- [Work request]
Every line from the one with "Beispielbild fr Follow" through the last line below should be repeated exactly; pictures stay out of the copy.

==== Exercise input ====

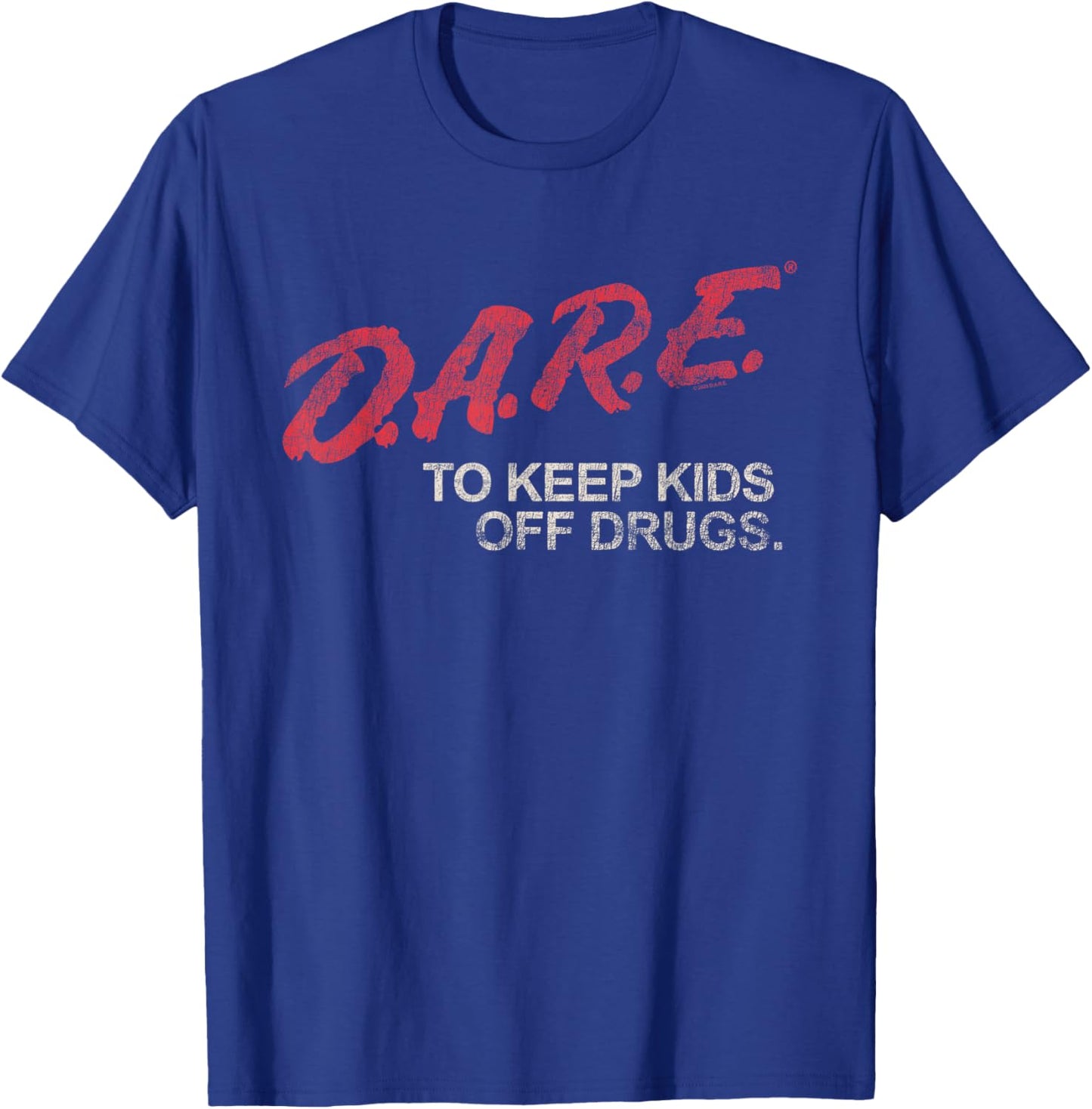 D.A.R.E. Program Dare to Keep Kids Off Drugs PSA T-Shirt - T-Shirt | Royal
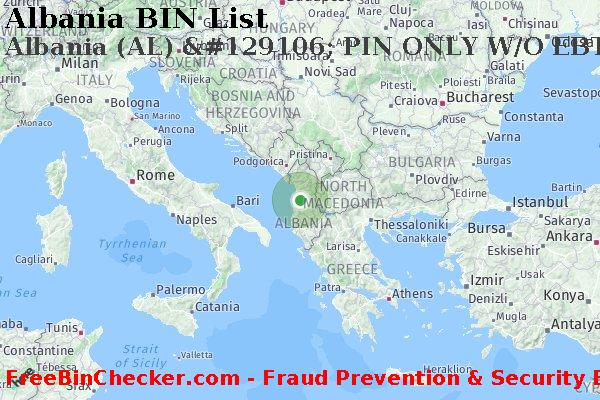 Albania Albania+%28AL%29+%26%23129106%3B+PIN+ONLY+W%2FO+EBT+card BIN List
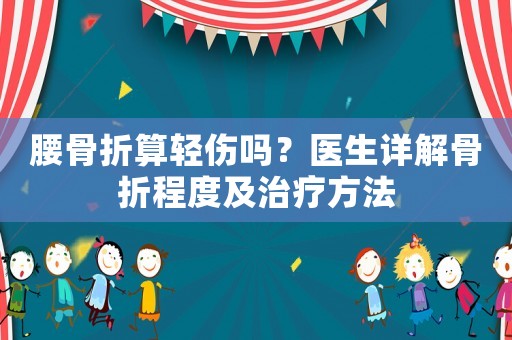 腰骨折算輕傷嗎？醫(yī)生詳解骨折程度及治療方法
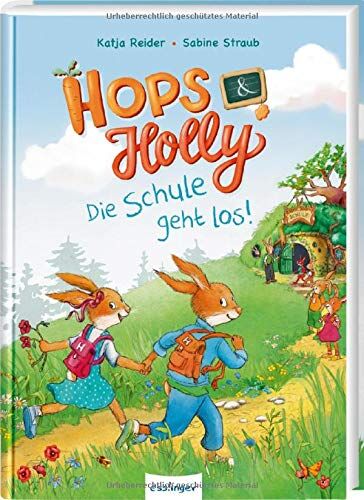 Katja Reider - Hops & Holly: Die Schule geht los! - Preis vom 09.10.2026 07:28:09 h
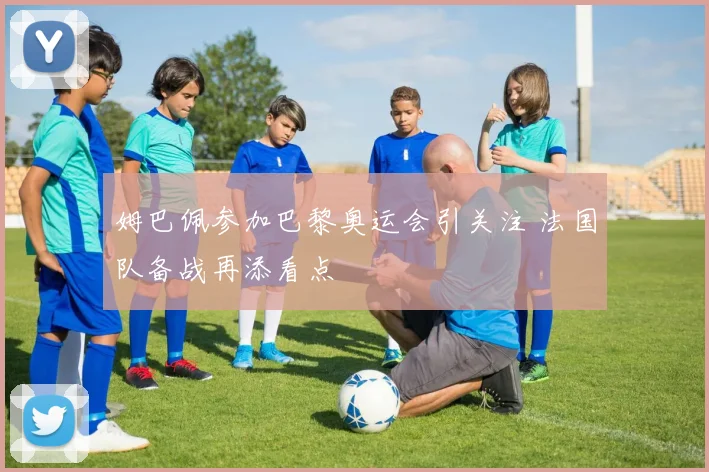 姆巴佩参加巴黎奥运会引关注 法国队备战再添看点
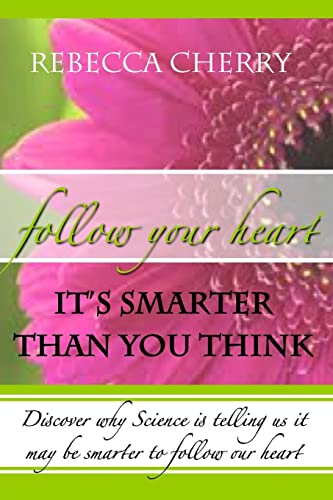 Beispielbild fr Follow Your Heart, It's Smarter Than You Think zum Verkauf von THE SAINT BOOKSTORE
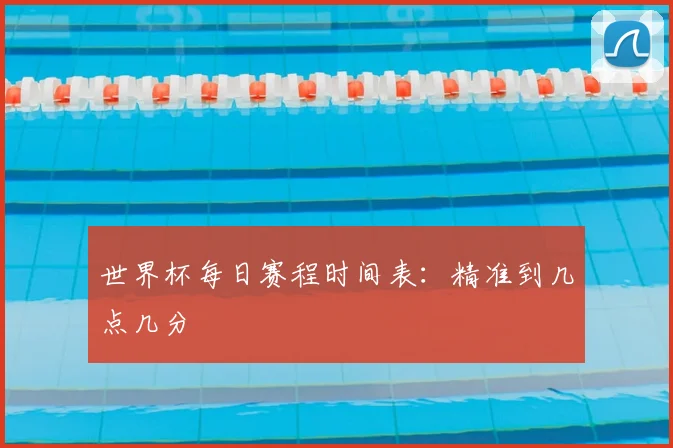 世界杯每日赛程时间表:精准到几点几分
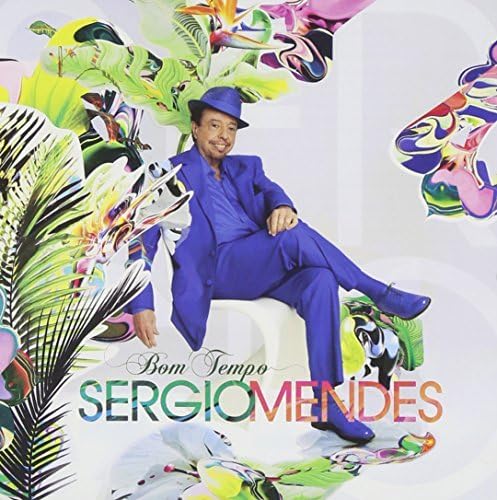 sergio mendes_bom tempo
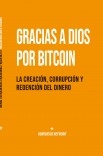 Gracias a Dios por Bitcoin: La creación, corrupción y redención del dinero Gracias a Dios por Bitcoin: La creación, corrupción y redención del dinero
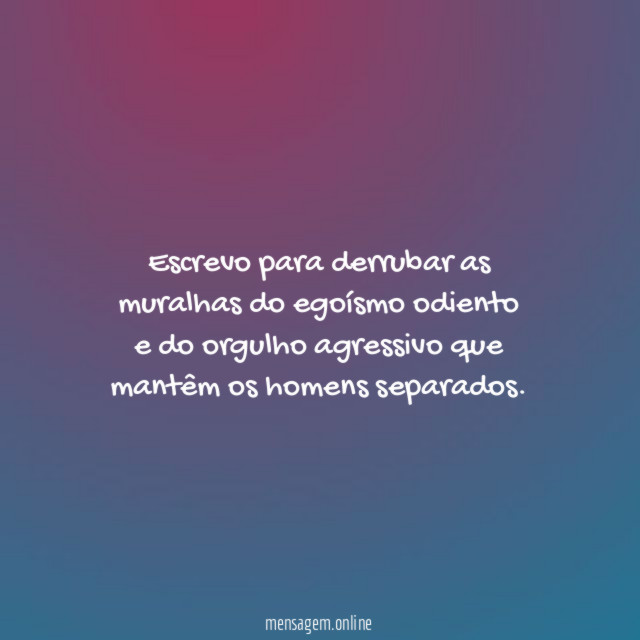 Escrevo para derrubar as muralhas do egoísmo odiento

====

- [Written response]
 Beispielbild fr Follow Your Heart, It's Smarter Than You Think zum Verkauf von THE SAINT BOOKSTORE
 世界杯每日赛程时间表:精准到几点几分
 sergio mendes_bom tempo
 Gracias a Dios por Bitcoin: La creación, corrupción y redención del dinero Gracias a Dios por Bitcoin: La creación, corrupción y redención del dinero
 Escrevo para derrubar as muralhas do egoísmo odiento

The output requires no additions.